# Task prompt
Print the data below exactly as it appears.

# Data section
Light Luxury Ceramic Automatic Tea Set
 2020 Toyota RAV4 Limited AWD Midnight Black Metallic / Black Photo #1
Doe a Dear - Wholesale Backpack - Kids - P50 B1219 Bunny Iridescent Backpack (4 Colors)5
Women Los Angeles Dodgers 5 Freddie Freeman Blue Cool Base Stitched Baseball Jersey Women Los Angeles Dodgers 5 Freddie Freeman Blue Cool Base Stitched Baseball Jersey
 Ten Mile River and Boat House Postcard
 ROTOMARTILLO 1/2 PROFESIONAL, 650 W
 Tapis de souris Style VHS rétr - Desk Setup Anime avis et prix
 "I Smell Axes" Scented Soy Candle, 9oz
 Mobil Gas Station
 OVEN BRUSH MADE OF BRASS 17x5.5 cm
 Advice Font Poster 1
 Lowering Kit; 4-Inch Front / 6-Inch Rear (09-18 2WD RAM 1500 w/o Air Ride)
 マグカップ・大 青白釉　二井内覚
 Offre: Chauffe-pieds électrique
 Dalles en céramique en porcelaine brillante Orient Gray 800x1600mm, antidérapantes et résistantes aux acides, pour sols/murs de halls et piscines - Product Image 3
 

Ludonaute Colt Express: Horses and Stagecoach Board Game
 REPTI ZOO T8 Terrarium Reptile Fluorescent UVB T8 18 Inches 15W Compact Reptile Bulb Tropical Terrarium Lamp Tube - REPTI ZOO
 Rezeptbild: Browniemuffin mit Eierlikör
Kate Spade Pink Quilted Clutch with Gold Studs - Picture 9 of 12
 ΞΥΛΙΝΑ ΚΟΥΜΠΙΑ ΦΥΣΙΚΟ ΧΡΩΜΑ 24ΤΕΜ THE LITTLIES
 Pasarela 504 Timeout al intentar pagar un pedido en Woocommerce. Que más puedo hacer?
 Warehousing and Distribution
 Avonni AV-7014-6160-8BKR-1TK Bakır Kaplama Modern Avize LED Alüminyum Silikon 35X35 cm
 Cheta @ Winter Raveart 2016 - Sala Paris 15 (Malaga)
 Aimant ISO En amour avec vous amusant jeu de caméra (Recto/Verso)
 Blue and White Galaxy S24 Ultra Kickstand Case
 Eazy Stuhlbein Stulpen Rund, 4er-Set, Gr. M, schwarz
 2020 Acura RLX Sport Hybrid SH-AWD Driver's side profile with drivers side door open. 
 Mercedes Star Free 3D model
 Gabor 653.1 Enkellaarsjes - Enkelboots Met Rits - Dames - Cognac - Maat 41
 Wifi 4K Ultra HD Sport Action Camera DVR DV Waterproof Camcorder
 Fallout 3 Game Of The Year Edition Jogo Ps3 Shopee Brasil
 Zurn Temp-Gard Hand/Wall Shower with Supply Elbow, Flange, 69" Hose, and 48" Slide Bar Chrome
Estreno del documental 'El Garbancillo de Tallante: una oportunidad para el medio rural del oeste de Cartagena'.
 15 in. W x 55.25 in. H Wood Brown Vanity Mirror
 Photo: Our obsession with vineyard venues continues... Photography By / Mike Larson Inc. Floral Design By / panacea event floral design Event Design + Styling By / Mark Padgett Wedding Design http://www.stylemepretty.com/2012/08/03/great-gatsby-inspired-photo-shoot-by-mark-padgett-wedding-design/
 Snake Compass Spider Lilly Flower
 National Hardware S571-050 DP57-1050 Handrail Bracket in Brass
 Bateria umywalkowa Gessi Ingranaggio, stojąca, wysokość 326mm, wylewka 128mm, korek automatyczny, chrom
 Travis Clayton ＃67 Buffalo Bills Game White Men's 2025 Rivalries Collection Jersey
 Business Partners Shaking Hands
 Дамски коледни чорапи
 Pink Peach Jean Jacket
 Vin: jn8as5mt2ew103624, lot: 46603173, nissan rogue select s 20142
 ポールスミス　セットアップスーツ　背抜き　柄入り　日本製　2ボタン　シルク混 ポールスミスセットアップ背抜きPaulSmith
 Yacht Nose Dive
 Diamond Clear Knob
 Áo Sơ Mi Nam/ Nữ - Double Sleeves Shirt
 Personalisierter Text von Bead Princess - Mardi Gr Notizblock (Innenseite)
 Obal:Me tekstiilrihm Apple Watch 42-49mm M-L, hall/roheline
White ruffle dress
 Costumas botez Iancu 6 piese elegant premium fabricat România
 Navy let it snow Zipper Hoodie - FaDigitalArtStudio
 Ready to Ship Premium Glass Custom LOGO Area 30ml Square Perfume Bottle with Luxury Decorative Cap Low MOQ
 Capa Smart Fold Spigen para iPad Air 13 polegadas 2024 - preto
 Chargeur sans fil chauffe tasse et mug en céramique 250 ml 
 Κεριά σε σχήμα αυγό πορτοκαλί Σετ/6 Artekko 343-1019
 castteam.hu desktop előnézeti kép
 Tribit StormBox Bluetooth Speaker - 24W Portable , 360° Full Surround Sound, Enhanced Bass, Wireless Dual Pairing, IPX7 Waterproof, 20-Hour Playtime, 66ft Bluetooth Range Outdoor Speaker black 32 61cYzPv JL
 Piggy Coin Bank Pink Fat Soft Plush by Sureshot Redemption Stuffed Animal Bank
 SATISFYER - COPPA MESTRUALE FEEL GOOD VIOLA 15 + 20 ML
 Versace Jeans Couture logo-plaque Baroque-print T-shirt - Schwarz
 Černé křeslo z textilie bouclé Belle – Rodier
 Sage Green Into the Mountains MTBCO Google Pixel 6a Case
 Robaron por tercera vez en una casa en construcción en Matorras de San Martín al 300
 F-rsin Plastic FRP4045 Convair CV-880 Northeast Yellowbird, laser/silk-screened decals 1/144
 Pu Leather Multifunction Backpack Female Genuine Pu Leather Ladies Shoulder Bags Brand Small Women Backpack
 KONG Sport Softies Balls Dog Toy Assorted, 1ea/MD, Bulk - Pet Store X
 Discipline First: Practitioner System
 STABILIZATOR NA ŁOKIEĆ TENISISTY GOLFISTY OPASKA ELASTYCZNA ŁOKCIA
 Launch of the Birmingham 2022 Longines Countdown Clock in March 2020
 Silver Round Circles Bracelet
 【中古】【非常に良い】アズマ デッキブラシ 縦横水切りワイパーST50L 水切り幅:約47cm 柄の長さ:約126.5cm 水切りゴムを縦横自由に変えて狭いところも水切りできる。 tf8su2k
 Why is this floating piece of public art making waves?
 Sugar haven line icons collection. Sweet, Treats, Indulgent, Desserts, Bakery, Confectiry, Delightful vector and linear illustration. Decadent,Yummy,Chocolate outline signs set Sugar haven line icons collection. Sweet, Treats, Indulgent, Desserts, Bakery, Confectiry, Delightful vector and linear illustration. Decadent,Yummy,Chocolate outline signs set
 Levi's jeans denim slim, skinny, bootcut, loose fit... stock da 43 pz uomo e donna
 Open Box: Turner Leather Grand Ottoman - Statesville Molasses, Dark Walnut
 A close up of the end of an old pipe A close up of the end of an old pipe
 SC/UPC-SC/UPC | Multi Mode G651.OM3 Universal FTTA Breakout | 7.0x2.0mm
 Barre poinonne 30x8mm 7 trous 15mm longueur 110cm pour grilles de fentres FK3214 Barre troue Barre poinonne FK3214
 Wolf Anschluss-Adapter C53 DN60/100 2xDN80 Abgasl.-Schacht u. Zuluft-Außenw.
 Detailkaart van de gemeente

# Result
Light Luxury Ceramic Automatic Tea Set
 2020 Toyota RAV4 Limited AWD Midnight Black Metallic / Black Photo #1
Doe a Dear - Wholesale Backpack - Kids - P50 B1219 Bunny Iridescent Backpack (4 Colors)5
Women Los Angeles Dodgers 5 Freddie Freeman Blue Cool Base Stitched Baseball Jersey Women Los Angeles Dodgers 5 Freddie Freeman Blue Cool Base Stitched Baseball Jersey
 Ten Mile River and Boat House Postcard
 ROTOMARTILLO 1/2 PROFESIONAL, 650 W
 Tapis de souris Style VHS rétr - Desk Setup Anime avis et prix
 "I Smell Axes" Scented Soy Candle, 9oz
 Mobil Gas Station
 OVEN BRUSH MADE OF BRASS 17x5.5 cm
 Advice Font Poster 1
 Lowering Kit; 4-Inch Front / 6-Inch Rear (09-18 2WD RAM 1500 w/o Air Ride)
 マグカップ・大 青白釉　二井内覚
 Offre: Chauffe-pieds électrique
 Dalles en céramique en porcelaine brillante Orient Gray 800x1600mm, antidérapantes et résistantes aux acides, pour sols/murs de halls et piscines - Product Image 3
 

Ludonaute Colt Express: Horses and Stagecoach Board Game
 REPTI ZOO T8 Terrarium Reptile Fluorescent UVB T8 18 Inches 15W Compact Reptile Bulb Tropical Terrarium Lamp Tube - REPTI ZOO
 Rezeptbild: Browniemuffin mit Eierlikör
Kate Spade Pink Quilted Clutch with Gold Studs - Picture 9 of 12
 ΞΥΛΙΝΑ ΚΟΥΜΠΙΑ ΦΥΣΙΚΟ ΧΡΩΜΑ 24ΤΕΜ THE LITTLIES
 Pasarela 504 Timeout al intentar pagar un pedido en Woocommerce. Que más puedo hacer?
 Warehousing and Distribution
 Avonni AV-7014-6160-8BKR-1TK Bakır Kaplama Modern Avize LED Alüminyum Silikon 35X35 cm
 Cheta @ Winter Raveart 2016 - Sala Paris 15 (Malaga)
 Aimant ISO En amour avec vous amusant jeu de caméra (Recto/Verso)
 Blue and White Galaxy S24 Ultra Kickstand Case
 Eazy Stuhlbein Stulpen Rund, 4er-Set, Gr. M, schwarz
 2020 Acura RLX Sport Hybrid SH-AWD Driver's side profile with drivers side door open. 
 Mercedes Star Free 3D model
 Gabor 653.1 Enkellaarsjes - Enkelboots Met Rits - Dames - Cognac - Maat 41
 Wifi 4K Ultra HD Sport Action Camera DVR DV Waterproof Camcorder
 Fallout 3 Game Of The Year Edition Jogo Ps3 Shopee Brasil
 Zurn Temp-Gard Hand/Wall Shower with Supply Elbow, Flange, 69" Hose, and 48" Slide Bar Chrome
Estreno del documental 'El Garbancillo de Tallante: una oportunidad para el medio rural del oeste de Cartagena'.
 15 in. W x 55.25 in. H Wood Brown Vanity Mirror
 Photo: Our obsession with vineyard venues continues... Photography By / Mike Larson Inc. Floral Design By / panacea event floral design Event Design + Styling By / Mark Padgett Wedding Design http://www.stylemepretty.com/2012/08/03/great-gatsby-inspired-photo-shoot-by-mark-padgett-wedding-design/
 Snake Compass Spider Lilly Flower
 National Hardware S571-050 DP57-1050 Handrail Bracket in Brass
 Bateria umywalkowa Gessi Ingranaggio, stojąca, wysokość 326mm, wylewka 128mm, korek automatyczny, chrom
 Travis Clayton ＃67 Buffalo Bills Game White Men's 2025 Rivalries Collection Jersey
 Business Partners Shaking Hands
 Дамски коледни чорапи
 Pink Peach Jean Jacket
 Vin: jn8as5mt2ew103624, lot: 46603173, nissan rogue select s 20142
 ポールスミス　セットアップスーツ　背抜き　柄入り　日本製　2ボタン　シルク混 ポールスミスセットアップ背抜きPaulSmith
 Yacht Nose Dive
 Diamond Clear Knob
 Áo Sơ Mi Nam/ Nữ - Double Sleeves Shirt
 Personalisierter Text von Bead Princess - Mardi Gr Notizblock (Innenseite)
 Obal:Me tekstiilrihm Apple Watch 42-49mm M-L, hall/roheline
White ruffle dress
 Costumas botez Iancu 6 piese elegant premium fabricat România
 Navy let it snow Zipper Hoodie - FaDigitalArtStudio
 Ready to Ship Premium Glass Custom LOGO Area 30ml Square Perfume Bottle with Luxury Decorative Cap Low MOQ
 Capa Smart Fold Spigen para iPad Air 13 polegadas 2024 - preto
 Chargeur sans fil chauffe tasse et mug en céramique 250 ml 
 Κεριά σε σχήμα αυγό πορτοκαλί Σετ/6 Artekko 343-1019
 castteam.hu desktop előnézeti kép
 Tribit StormBox Bluetooth Speaker - 24W Portable , 360° Full Surround Sound, Enhanced Bass, Wireless Dual Pairing, IPX7 Waterproof, 20-Hour Playtime, 66ft Bluetooth Range Outdoor Speaker black 32 61cYzPv JL
 Piggy Coin Bank Pink Fat Soft Plush by Sureshot Redemption Stuffed Animal Bank
 SATISFYER - COPPA MESTRUALE FEEL GOOD VIOLA 15 + 20 ML
 Versace Jeans Couture logo-plaque Baroque-print T-shirt - Schwarz
 Černé křeslo z textilie bouclé Belle – Rodier
 Sage Green Into the Mountains MTBCO Google Pixel 6a Case
 Robaron por tercera vez en una casa en construcción en Matorras de San Martín al 300
 F-rsin Plastic FRP4045 Convair CV-880 Northeast Yellowbird, laser/silk-screened decals 1/144
 Pu Leather Multifunction Backpack Female Genuine Pu Leather Ladies Shoulder Bags Brand Small Women Backpack
 KONG Sport Softies Balls Dog Toy Assorted, 1ea/MD, Bulk - Pet Store X
 Discipline First: Practitioner System
 STABILIZATOR NA ŁOKIEĆ TENISISTY GOLFISTY OPASKA ELASTYCZNA ŁOKCIA
 Launch of the Birmingham 2022 Longines Countdown Clock in March 2020
 Silver Round Circles Bracelet
 【中古】【非常に良い】アズマ デッキブラシ 縦横水切りワイパーST50L 水切り幅:約47cm 柄の長さ:約126.5cm 水切りゴムを縦横自由に変えて狭いところも水切りできる。 tf8su2k
 Why is this floating piece of public art making waves?
 Sugar haven line icons collection. Sweet, Treats, Indulgent, Desserts, Bakery, Confectiry, Delightful vector and linear illustration. Decadent,Yummy,Chocolate outline signs set Sugar haven line icons collection. Sweet, Treats, Indulgent, Desserts, Bakery, Confectiry, Delightful vector and linear illustration. Decadent,Yummy,Chocolate outline signs set
 Levi's jeans denim slim, skinny, bootcut, loose fit... stock da 43 pz uomo e donna
 Open Box: Turner Leather Grand Ottoman - Statesville Molasses, Dark Walnut
 A close up of the end of an old pipe A close up of the end of an old pipe
 SC/UPC-SC/UPC | Multi Mode G651.OM3 Universal FTTA Breakout | 7.0x2.0mm
 Barre poinonne 30x8mm 7 trous 15mm longueur 110cm pour grilles de fentres FK3214 Barre troue Barre poinonne FK3214
 Wolf Anschluss-Adapter C53 DN60/100 2xDN80 Abgasl.-Schacht u. Zuluft-Außenw.
 Detailkaart van de gemeente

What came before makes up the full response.